Now you have a figure representing how close the hitter came to achieving the absolute best he could have done in any one particular plate appearance. If there are men on first and second and the batter hits an RBI single, moving the man on first to third, the batter gets a TBAF of 5. The maximum number of bases he could have accounted for in that plate appearance was 9 (a 3-run home run). Therefore, his EBAF was 0.55 (5 divided by 9). In other words, the batter came within 55% of achieving the best he possibly could have expected to do (hence, Expected Bases Accounted For). If there’s a man on second and the batter hits a ground out to advance the runner to third, his EBAF was 0.167 or 17% (1 divided by 6). If the bases are loaded, and the batter hits a 3-run triple, his EBAF was 0.9 or 90% (9 divided by 10).

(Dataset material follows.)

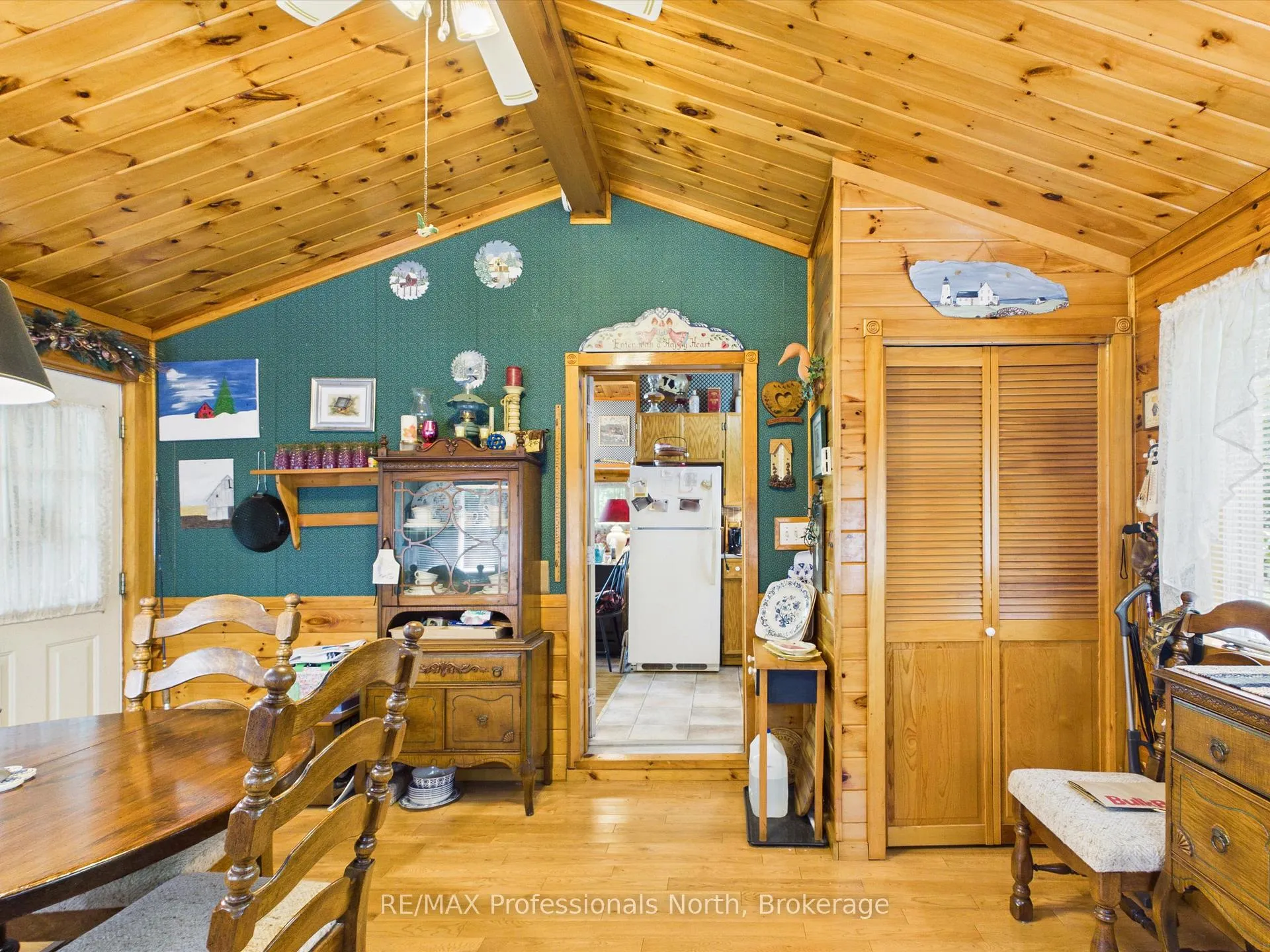 Photo 33 of 1007 Leech Lake Point Road, Bracebridge, Oakley — HOMEH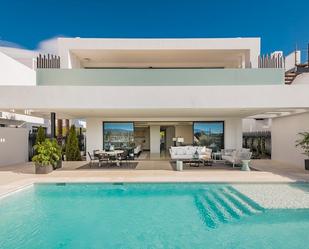 Vista exterior de Casa o xalet de lloguer en Marbella amb Aire condicionat, Terrassa i Piscina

How close a hitter comes to achieving the best possible result seems to be a good measuring stick of the hitter’s value.

That’s EBAF for one particular plate appearance. You can also measure a hitter’s EBAF for an entire game. Going back to that earlier example where a hitter’s TBAF was 8:

- 5 for the RBI double with a man on first
- 2 for the single with a man on first advancing him to second
- 2 for advancing two runners on base with a ground out
- -1 for striking out with a man on first
- 0 for the flyout with no one on base

His EBAF for each one of those plate appearances was:

- 71% (5 divided by 7) for the RBI double with a man on first
- 28% (2 divided by 7) for the single with a man on first advancing him to second
- 22% (2 divided by 9) for advancing two runners on base with a ground out
- -14% (-1 divided by 7) for striking out with a man on first
- 0% (0 divided by 4) for the flyout with no one on base

So his total EBAF for that game was 23.5% (8 divided by 34). The hitter accounted for 8 total bases but could have accounted for a maximum of 34 bases (if he had hit a home run in every plate appearance). So for that game, the hitter came within 23.5% of achieving the absolute maximum he could have. Of course, as with TBAF, you can also have an EBAF percentage for an entire season.

What does all this mean for your fantasy baseball team? Of course, there is no existing data out there with which to calculate TBAF and EBAF. In fact, you actually have to watch each game a hitter plays to see who’s on base when he enters each plate appearance. You can’t just use a hitter’s batting average with men on base or with men in scoring position. You need to know exactly where the men on base are and what happened to them after the batter hits. If a team were to start calculating TBAF and EBAF for their players, someone on the team would have to watch every game so the on-base scenarios can be included in the calculations. But what you can do is start following multiple hitters and calculating their TBAF and EBAF values to decide who to acquire as free agents. I think you’ll find that any hitter whose TBAF/PA is at least 1.0 and his EBAF is at least 20% for a game, you’ll want to pick him up.